Coronakrise: The Politics of Fear

Nie wieder Lockdown, nie wieder Grenzkontrollen! So hatten es sich die EU-Chefs nach der ersten Coronawelle im Frühjahr 2020 geschworen. Doch das soll nun nicht mehr gelten. Aus Angst vor dem mysteriösen Virus-Mutanten aus UK ruft Kanzlerin Merkel nach neuen, alten Maßnahmen.

„Es geht nicht darum, flächendeckende Grenzschließungen einzuführen“, sagte Merkel vor dem Corona-Krisengipfel am Donnerstag. Vielmehr gehe es um ein einheitliches Vorgehen gegen die Pandemie.

Sie wolle, „dass wir alle möglichst dasselbe Ziel verfolgen, die Inzidenzen möglichst runterzubringen“, so Merkel. Grenzschließungen wären dabei nur die „Ultima Ratio“ – aber nicht völlig ausgeschlossen.

„Das war falsch 2020 und das ist noch falsch in 2021“, entgegnete Luxemburgs Außenminister Jean Asselborn. Grenzschließungen seien kein geeignetes Mittel gegen die Coronakrise.

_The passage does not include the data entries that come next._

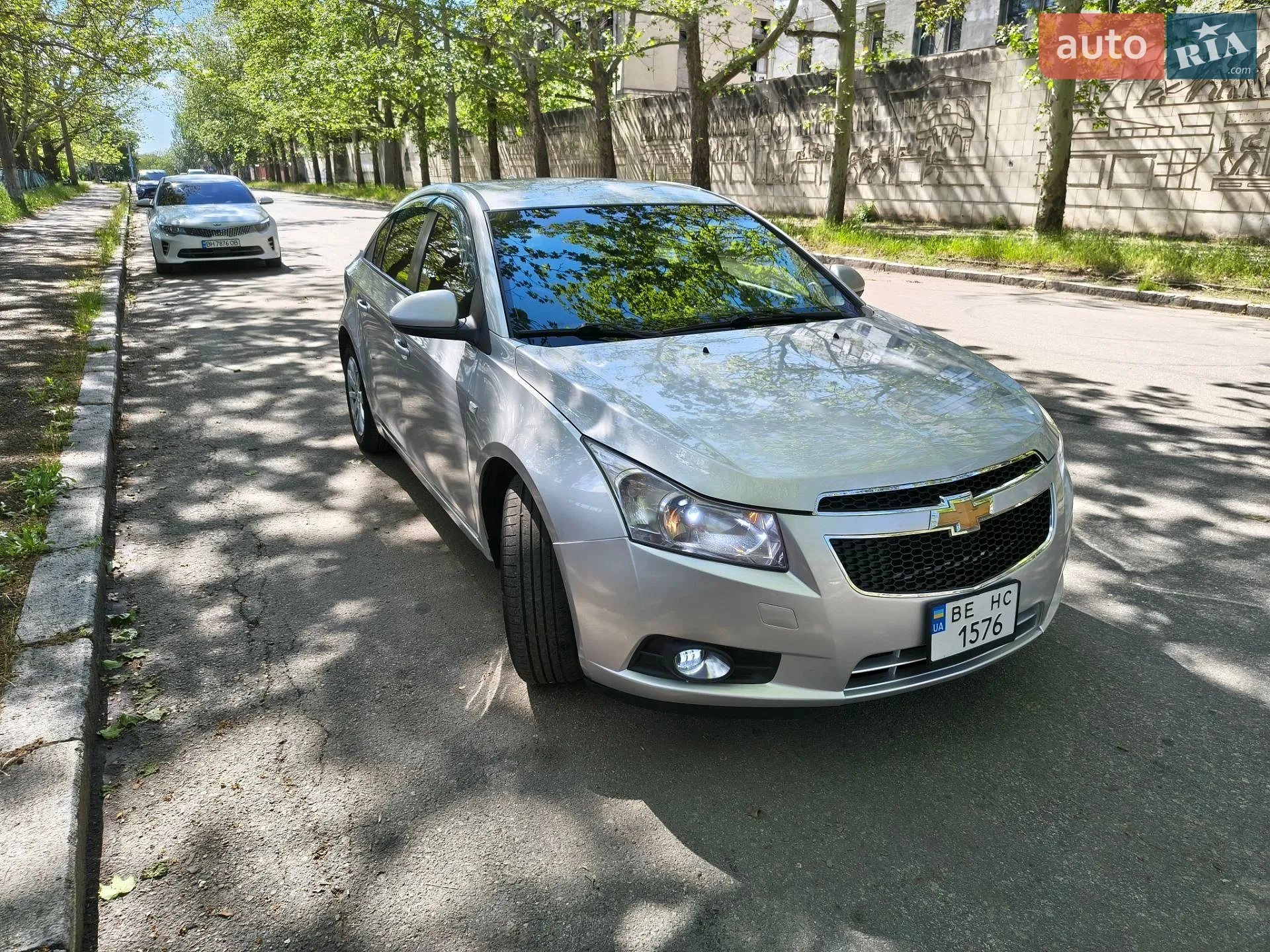2012 Chevrolet Cruze - мініатюра 6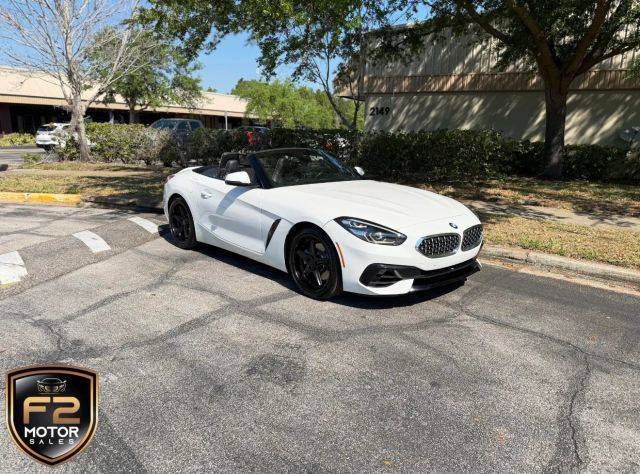 2019 BMW Z4 sDrive30i RWD photo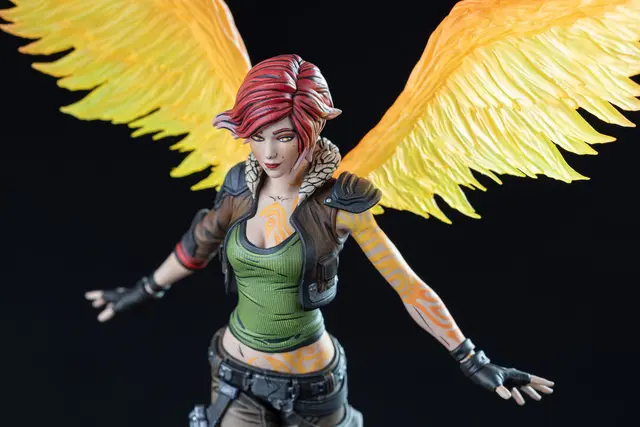Reservar Figura Lilith the Firehawk Borderlands Dark Horse 29cm Estatuas Estándar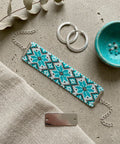 Bead Embroidery Collar Kit, Treasure of Traditions, Abris Art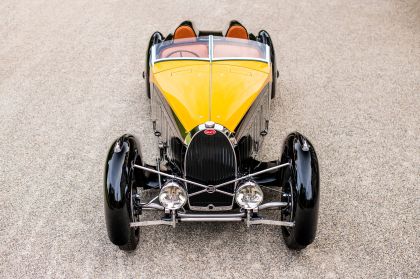 1934 Bugatti Type 57 roadster Grand Raid 4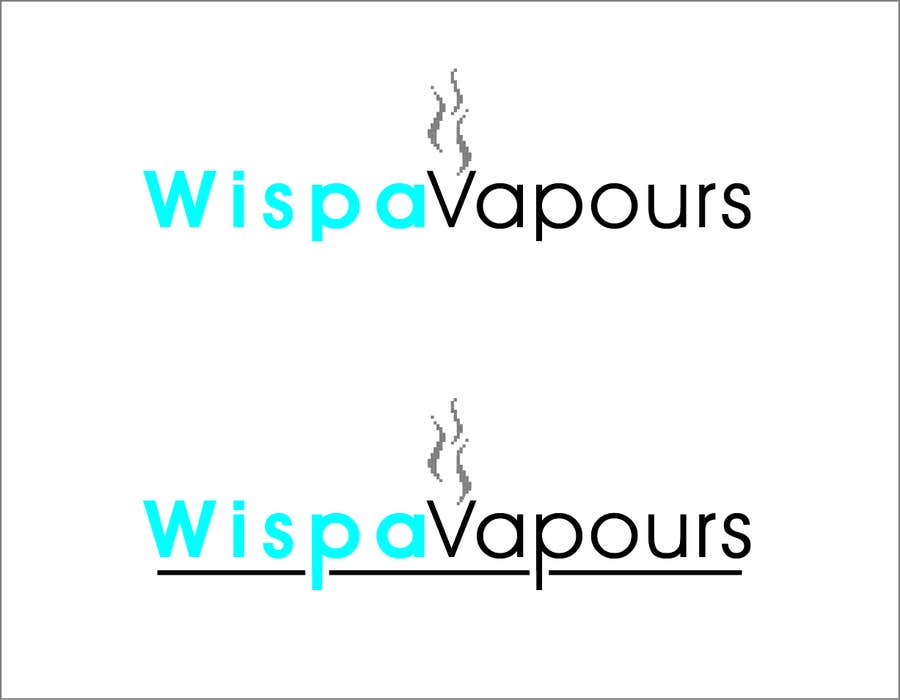 Proposition n°58 du concours                                                 Design a Logo for an ecig company
                                            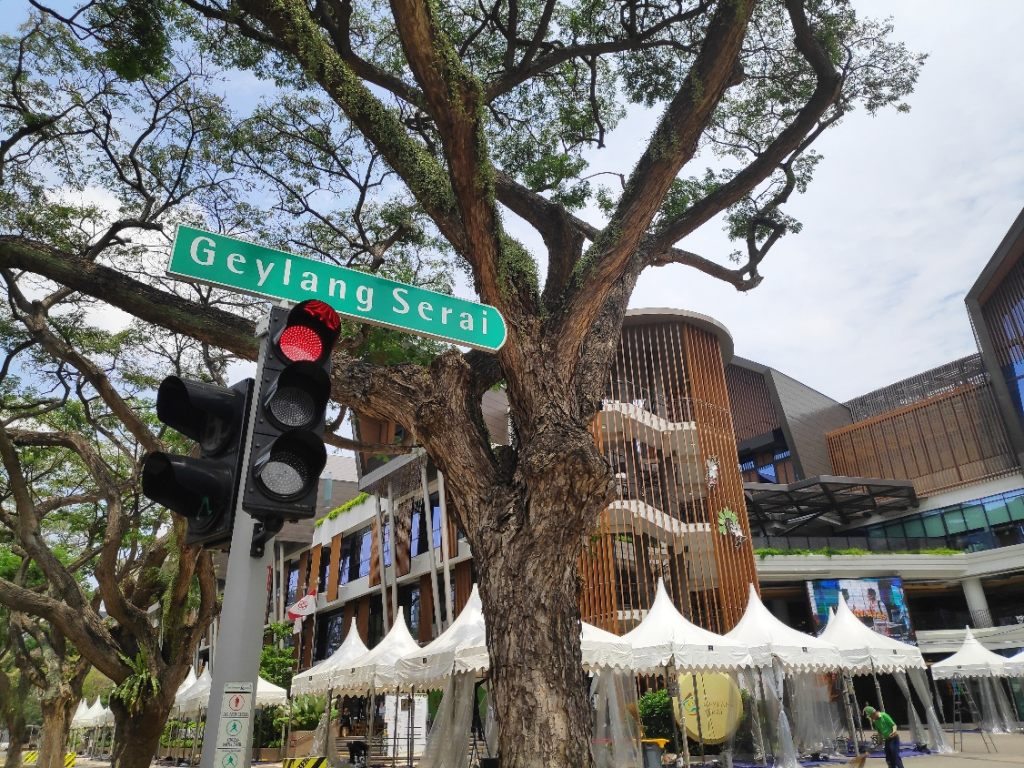 Di Bulan Ramadhan, Jangan Lupa Mampir ke Geylang Serai di Singapura!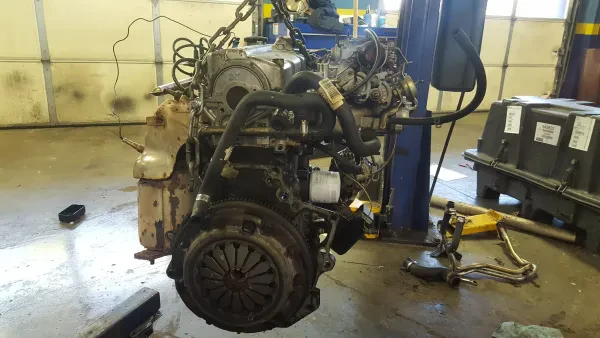Zwiebel's Auto Repair Inc - photo 4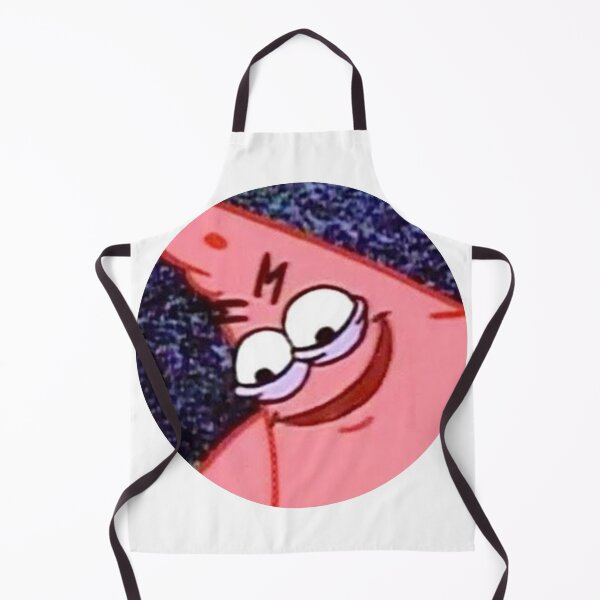 Aperçu de l'œuvre Le maléfique Patrick Star créée et vendue par delostantos.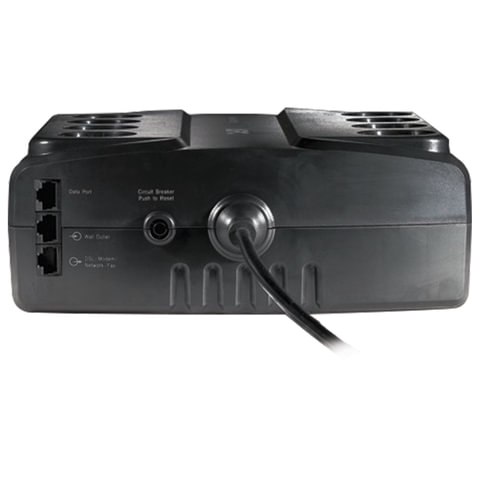 Источник бесперебойного питания APC BE700G-RS, 700 VA (405 W), 8 евророзеток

Luxemburg hatte Geschäfte wieder geöffnet, nachdem sie in Deutschland geschlossen worden waren. Auch in der Schweiz, Österreich und Tschechien geht man anders mit dem Coronavirus um als im größten EU-Land.

Hier sieht Merkel nun Handlungsbedarf. Bei Frankreich, Belgien und den Niederlanden erwarte sie keine Probleme, sagte die CDU-Politikerin.

Frankreich hatte zuvor „Gesundheitskontrollen“ an den Binnengrenzen gefordert, Belgien erwägt sogar das Verbot von „nicht essentiellen“ Reisen – also das Aus für den grenzüberschreitenden Tourismus.

Reden müsse man aber noch mit Tschechien und der Schweiz, so Merkel weiter. In einem Diskussionspapier aus Berlin war von „Testzentren an den Grenzen“ die Rede.

Damit sind wir wieder da, wo wir schon im Frühjahr 2020 waren – bei halb oder ganz geschlossenen Grenzübergängen, in denen „Testzentren“ oder einfache Polizisten den Zugang regeln.

Es gibt nur einen Unterschied: Diesmal will Merkel das nicht im deutschen Alleingang machen, sondern auf EU-Ebene durchdrücken. Der Videogipfel ist dafür eine erste Gelegenheit.

Allerdings kann sich die Kanzlerin diesmal nicht – wie noch 2020 – auf rasant steigende Fallzahlen stützen. Getrieben wird sie allein von der Angst vor der britischen Variante.

Diese Angst hatte schon vor Weihnachten genügt, um Großbritannien abzuriegeln und einen „harten Lockdown“ zu simulieren. Es war die „Politics of fear“.

Nun soll es auf die gesamte EU ausgeweitet werden, wenigstens aber auf die Nachbarländer Deutschlands, die sich nicht an die deutschen Hygienregeln halten.

In UK sorgt das schon für helle Aufregung. „Britons face ban on entering the EU under German plan to shut borders“, meldet die „Times“.

Auf dem Kontinent hingegen scheint man sich mit dem deutschen Diktat abzufinden. Nur Luxemburg leistet noch Widerstand…

Siehe auch „Ein Hauch von Panik“ und „Brexit-Angst und Corona-Panik – eine giftige Mischung“

P.S. Wenn es nur um Vorsorge und Vorsicht ginge, wäre dagegen nicht viel einzuwenden. Merkel arbeitet aber mit Vermutungen (Belege für eine akute Gefahr fehlen) und der Angst vor einem „Eintrag“ des „britischen Virus“ (sic!) über die EU-Nachbarn nach Deutschland. Sie schürt also Angst vor dem Virus und Angst vor dem (EU-)Ausland – keine gute Politik!